Print all records exactly, leaving nothing out.
*** Opening of Stored data ***
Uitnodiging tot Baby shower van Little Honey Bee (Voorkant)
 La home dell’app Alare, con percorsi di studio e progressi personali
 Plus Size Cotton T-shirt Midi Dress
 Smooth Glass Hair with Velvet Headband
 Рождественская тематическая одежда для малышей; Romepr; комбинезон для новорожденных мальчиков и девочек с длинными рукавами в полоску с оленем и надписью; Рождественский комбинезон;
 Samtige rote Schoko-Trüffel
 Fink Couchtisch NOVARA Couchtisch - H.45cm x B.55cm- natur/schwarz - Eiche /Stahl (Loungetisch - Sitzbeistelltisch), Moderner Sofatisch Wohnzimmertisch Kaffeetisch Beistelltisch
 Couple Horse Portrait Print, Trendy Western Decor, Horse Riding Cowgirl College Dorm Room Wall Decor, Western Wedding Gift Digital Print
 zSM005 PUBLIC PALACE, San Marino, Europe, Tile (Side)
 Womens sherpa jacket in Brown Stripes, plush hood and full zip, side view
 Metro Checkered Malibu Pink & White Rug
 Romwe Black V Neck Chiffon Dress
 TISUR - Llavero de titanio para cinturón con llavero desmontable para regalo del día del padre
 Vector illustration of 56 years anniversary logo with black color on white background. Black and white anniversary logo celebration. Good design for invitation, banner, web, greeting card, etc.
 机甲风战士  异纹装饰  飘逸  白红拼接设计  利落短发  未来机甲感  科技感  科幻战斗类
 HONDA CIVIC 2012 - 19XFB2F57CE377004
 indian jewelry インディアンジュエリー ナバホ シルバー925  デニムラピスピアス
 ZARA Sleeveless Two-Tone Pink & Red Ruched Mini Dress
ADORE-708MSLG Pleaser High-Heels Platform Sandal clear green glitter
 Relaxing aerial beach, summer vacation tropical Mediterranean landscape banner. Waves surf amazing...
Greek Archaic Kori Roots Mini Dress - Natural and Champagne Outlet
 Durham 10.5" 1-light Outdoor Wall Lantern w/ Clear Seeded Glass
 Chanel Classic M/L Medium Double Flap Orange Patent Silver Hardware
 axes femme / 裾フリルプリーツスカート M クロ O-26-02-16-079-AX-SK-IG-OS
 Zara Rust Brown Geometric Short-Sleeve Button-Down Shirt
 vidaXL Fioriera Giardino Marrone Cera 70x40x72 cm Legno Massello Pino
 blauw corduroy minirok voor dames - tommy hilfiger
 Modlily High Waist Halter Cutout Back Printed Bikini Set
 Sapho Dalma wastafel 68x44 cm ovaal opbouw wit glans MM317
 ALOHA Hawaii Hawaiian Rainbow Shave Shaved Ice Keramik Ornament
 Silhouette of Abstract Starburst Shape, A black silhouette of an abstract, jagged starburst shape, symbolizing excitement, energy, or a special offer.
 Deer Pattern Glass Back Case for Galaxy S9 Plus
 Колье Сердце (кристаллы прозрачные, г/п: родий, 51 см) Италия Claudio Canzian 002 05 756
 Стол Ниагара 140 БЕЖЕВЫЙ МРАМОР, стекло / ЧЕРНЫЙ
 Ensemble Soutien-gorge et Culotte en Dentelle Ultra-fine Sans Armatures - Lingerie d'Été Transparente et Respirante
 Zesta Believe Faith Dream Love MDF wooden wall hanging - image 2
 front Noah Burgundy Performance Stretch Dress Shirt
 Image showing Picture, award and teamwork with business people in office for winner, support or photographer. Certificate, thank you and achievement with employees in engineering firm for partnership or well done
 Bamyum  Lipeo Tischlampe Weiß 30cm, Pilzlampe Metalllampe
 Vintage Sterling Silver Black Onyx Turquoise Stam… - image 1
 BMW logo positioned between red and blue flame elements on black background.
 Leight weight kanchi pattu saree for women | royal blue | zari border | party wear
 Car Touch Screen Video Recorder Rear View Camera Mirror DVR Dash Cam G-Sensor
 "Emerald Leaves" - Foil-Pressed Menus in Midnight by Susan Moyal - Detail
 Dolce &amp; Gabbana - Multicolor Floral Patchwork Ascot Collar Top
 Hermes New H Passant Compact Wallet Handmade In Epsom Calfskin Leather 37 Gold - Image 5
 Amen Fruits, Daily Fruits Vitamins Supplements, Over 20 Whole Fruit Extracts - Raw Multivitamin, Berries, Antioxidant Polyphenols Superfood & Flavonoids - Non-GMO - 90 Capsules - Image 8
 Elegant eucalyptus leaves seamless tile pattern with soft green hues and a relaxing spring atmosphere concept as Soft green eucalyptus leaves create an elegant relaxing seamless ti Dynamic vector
*** Close of Stored data ***
● **Answer section**:
Uitnodiging tot Baby shower van Little Honey Bee (Voorkant)
 La home dell’app Alare, con percorsi di studio e progressi personali
 Plus Size Cotton T-shirt Midi Dress
 Smooth Glass Hair with Velvet Headband
 Рождественская тематическая одежда для малышей; Romepr; комбинезон для новорожденных мальчиков и девочек с длинными рукавами в полоску с оленем и надписью; Рождественский комбинезон;
 Samtige rote Schoko-Trüffel
 Fink Couchtisch NOVARA Couchtisch - H.45cm x B.55cm- natur/schwarz - Eiche /Stahl (Loungetisch - Sitzbeistelltisch), Moderner Sofatisch Wohnzimmertisch Kaffeetisch Beistelltisch
 Couple Horse Portrait Print, Trendy Western Decor, Horse Riding Cowgirl College Dorm Room Wall Decor, Western Wedding Gift Digital Print
 zSM005 PUBLIC PALACE, San Marino, Europe, Tile (Side)
 Womens sherpa jacket in Brown Stripes, plush hood and full zip, side view
 Metro Checkered Malibu Pink & White Rug
 Romwe Black V Neck Chiffon Dress
 TISUR - Llavero de titanio para cinturón con llavero desmontable para regalo del día del padre
 Vector illustration of 56 years anniversary logo with black color on white background. Black and white anniversary logo celebration. Good design for invitation, banner, web, greeting card, etc.
 机甲风战士  异纹装饰  飘逸  白红拼接设计  利落短发  未来机甲感  科技感  科幻战斗类
 HONDA CIVIC 2012 - 19XFB2F57CE377004
 indian jewelry インディアンジュエリー ナバホ シルバー925  デニムラピスピアス
 ZARA Sleeveless Two-Tone Pink & Red Ruched Mini Dress
ADORE-708MSLG Pleaser High-Heels Platform Sandal clear green glitter
 Relaxing aerial beach, summer vacation tropical Mediterranean landscape banner. Waves surf amazing...
Greek Archaic Kori Roots Mini Dress - Natural and Champagne Outlet
 Durham 10.5" 1-light Outdoor Wall Lantern w/ Clear Seeded Glass
 Chanel Classic M/L Medium Double Flap Orange Patent Silver Hardware
 axes femme / 裾フリルプリーツスカート M クロ O-26-02-16-079-AX-SK-IG-OS
 Zara Rust Brown Geometric Short-Sleeve Button-Down Shirt
 vidaXL Fioriera Giardino Marrone Cera 70x40x72 cm Legno Massello Pino
 blauw corduroy minirok voor dames - tommy hilfiger
 Modlily High Waist Halter Cutout Back Printed Bikini Set
 Sapho Dalma wastafel 68x44 cm ovaal opbouw wit glans MM317
 ALOHA Hawaii Hawaiian Rainbow Shave Shaved Ice Keramik Ornament
 Silhouette of Abstract Starburst Shape, A black silhouette of an abstract, jagged starburst shape, symbolizing excitement, energy, or a special offer.
 Deer Pattern Glass Back Case for Galaxy S9 Plus
 Колье Сердце (кристаллы прозрачные, г/п: родий, 51 см) Италия Claudio Canzian 002 05 756
 Стол Ниагара 140 БЕЖЕВЫЙ МРАМОР, стекло / ЧЕРНЫЙ
 Ensemble Soutien-gorge et Culotte en Dentelle Ultra-fine Sans Armatures - Lingerie d'Été Transparente et Respirante
 Zesta Believe Faith Dream Love MDF wooden wall hanging - image 2
 front Noah Burgundy Performance Stretch Dress Shirt
 Image showing Picture, award and teamwork with business people in office for winner, support or photographer. Certificate, thank you and achievement with employees in engineering firm for partnership or well done
 Bamyum  Lipeo Tischlampe Weiß 30cm, Pilzlampe Metalllampe
 Vintage Sterling Silver Black Onyx Turquoise Stam… - image 1
 BMW logo positioned between red and blue flame elements on black background.
 Leight weight kanchi pattu saree for women | royal blue | zari border | party wear
 Car Touch Screen Video Recorder Rear View Camera Mirror DVR Dash Cam G-Sensor
 "Emerald Leaves" - Foil-Pressed Menus in Midnight by Susan Moyal - Detail
 Dolce &amp; Gabbana - Multicolor Floral Patchwork Ascot Collar Top
 Hermes New H Passant Compact Wallet Handmade In Epsom Calfskin Leather 37 Gold - Image 5
 Amen Fruits, Daily Fruits Vitamins Supplements, Over 20 Whole Fruit Extracts - Raw Multivitamin, Berries, Antioxidant Polyphenols Superfood & Flavonoids - Non-GMO - 90 Capsules - Image 8
 Elegant eucalyptus leaves seamless tile pattern with soft green hues and a relaxing spring atmosphere concept as Soft green eucalyptus leaves create an elegant relaxing seamless ti Dynamic vector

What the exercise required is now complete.